Data provided section start

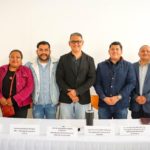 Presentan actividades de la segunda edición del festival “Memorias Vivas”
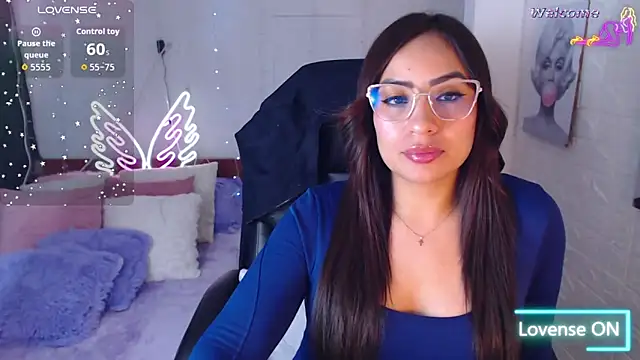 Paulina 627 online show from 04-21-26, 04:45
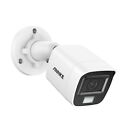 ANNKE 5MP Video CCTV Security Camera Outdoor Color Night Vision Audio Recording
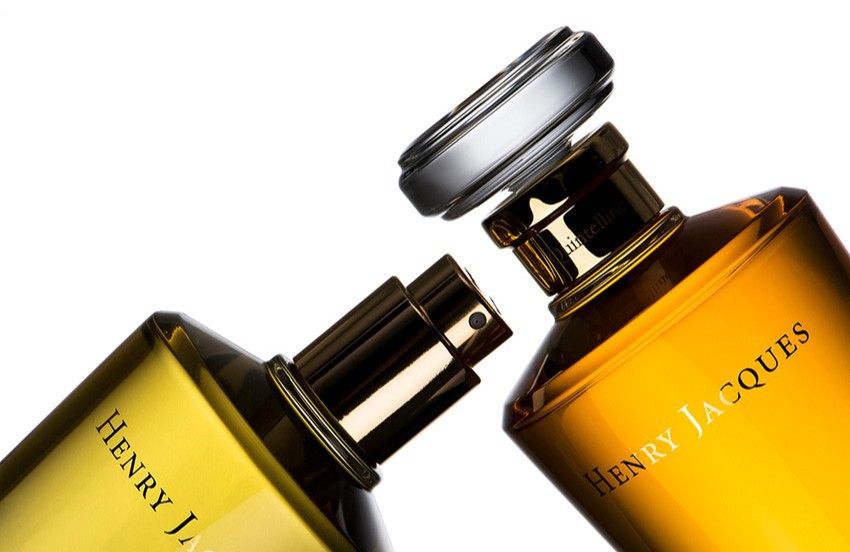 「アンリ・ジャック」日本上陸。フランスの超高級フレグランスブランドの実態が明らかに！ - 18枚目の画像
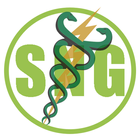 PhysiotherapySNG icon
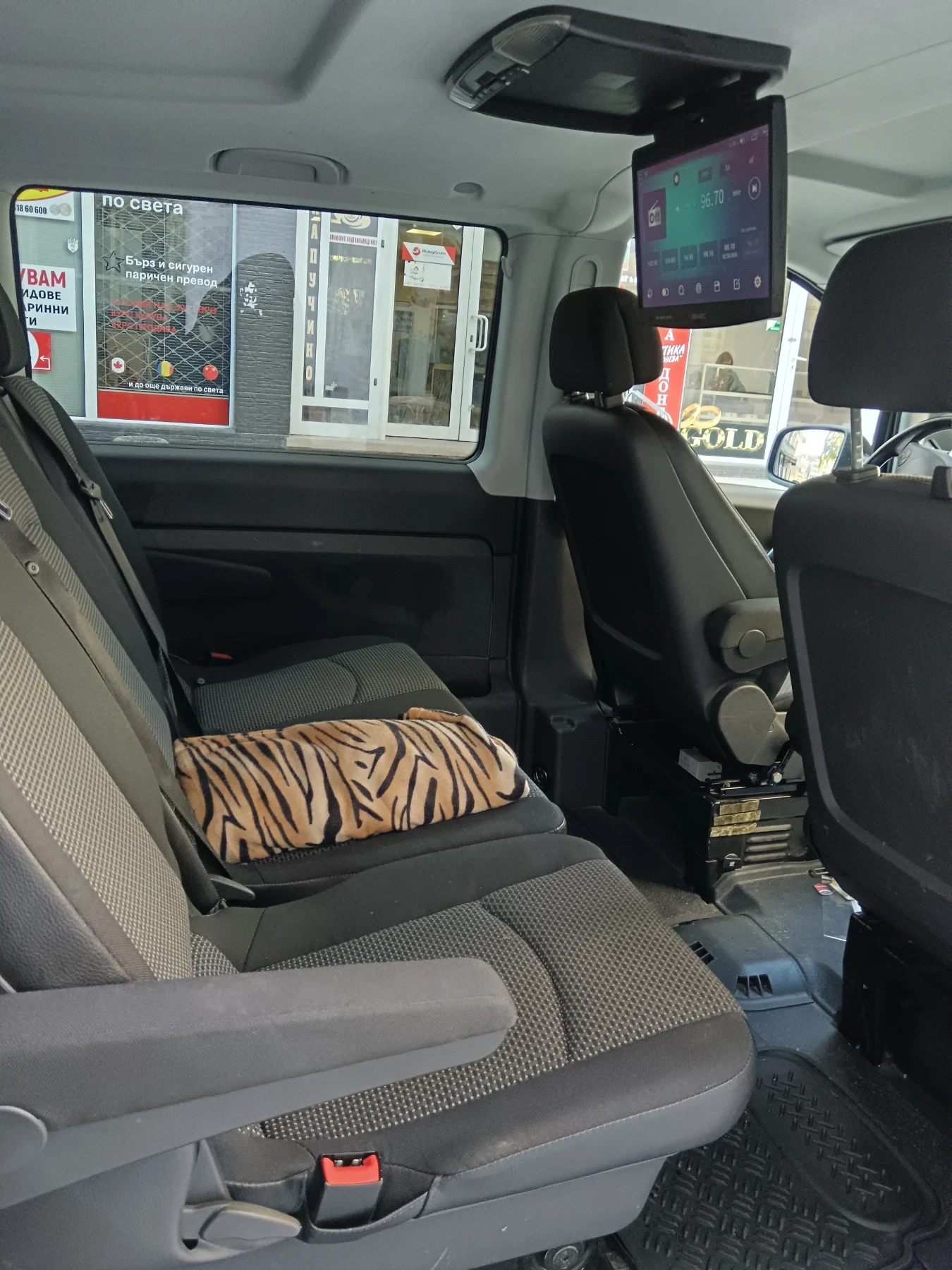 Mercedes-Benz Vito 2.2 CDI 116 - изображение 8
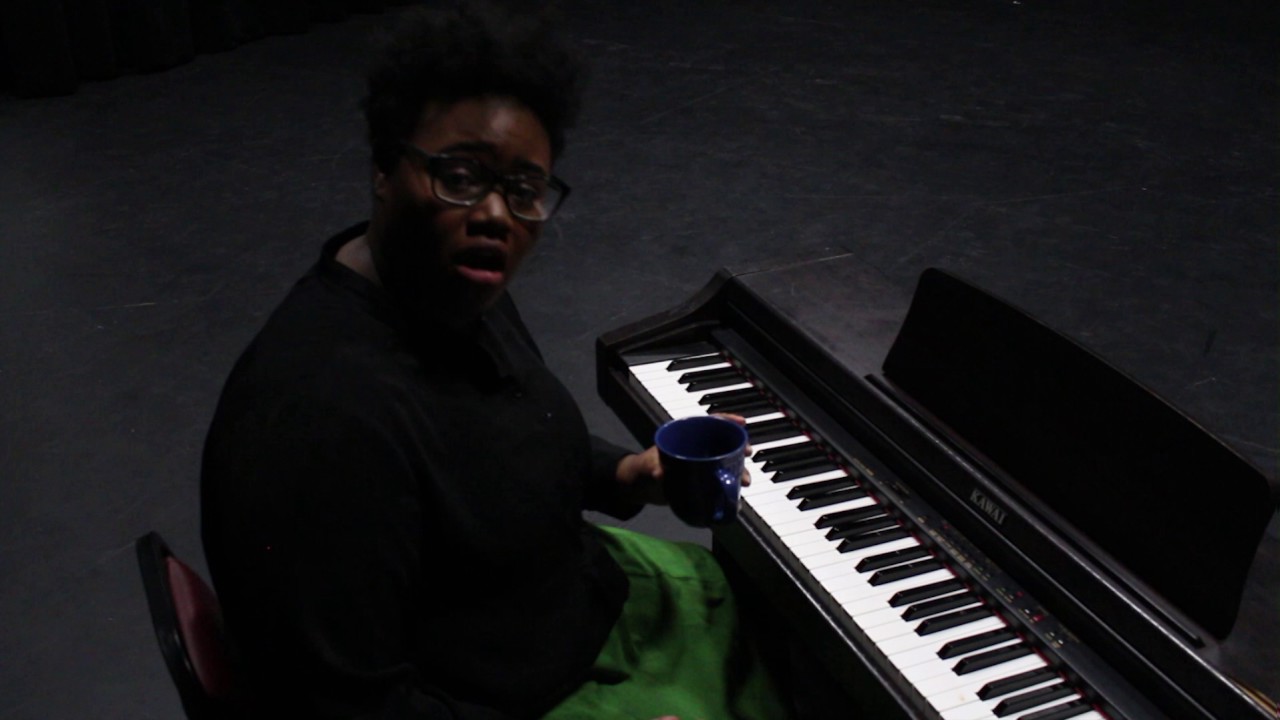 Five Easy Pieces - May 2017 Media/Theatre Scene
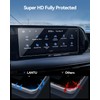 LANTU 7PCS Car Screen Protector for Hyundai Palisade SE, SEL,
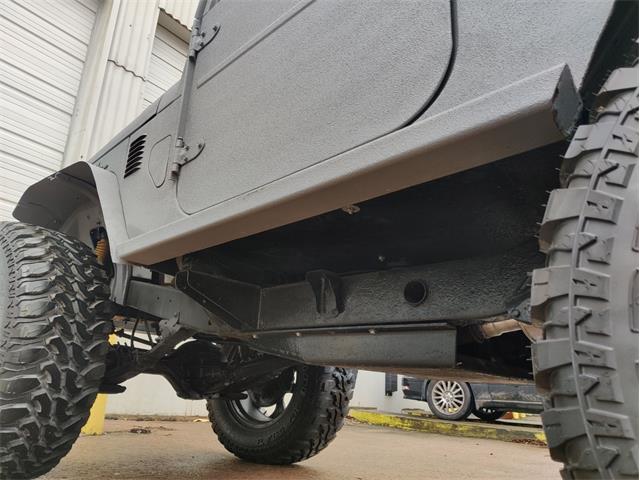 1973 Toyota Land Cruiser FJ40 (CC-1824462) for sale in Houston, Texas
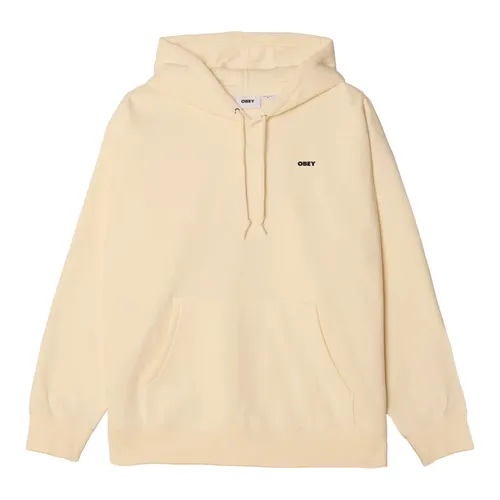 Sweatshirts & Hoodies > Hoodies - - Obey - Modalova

Data provided section end

* **What is expected**: This task asks for the data above repeated exactly, without a single picture.

* **Answer section**:
 Presentan actividades de la segunda edición del festival “Memorias Vivas”
 Paulina 627 online show from 04-21-26, 04:45
 ANNKE 5MP Video CCTV Security Camera Outdoor Color Night Vision Audio Recording
 「アンリ・ジャック」日本上陸。フランスの超高級フレグランスブランドの実態が明らかに！ - 18枚目の画像
 PhysiotherapySNG icon
 Mercedes-Benz Vito 2.2 CDI 116 - изображение 8
 Five Easy Pieces - May 2017 Media/Theatre Scene
 LANTU 7PCS Car Screen Protector for Hyundai Palisade SE, SEL,
 1973 Toyota Land Cruiser FJ40 (CC-1824462) for sale in Houston, Texas
 Sweatshirts & Hoodies > Hoodies - - Obey - Modalova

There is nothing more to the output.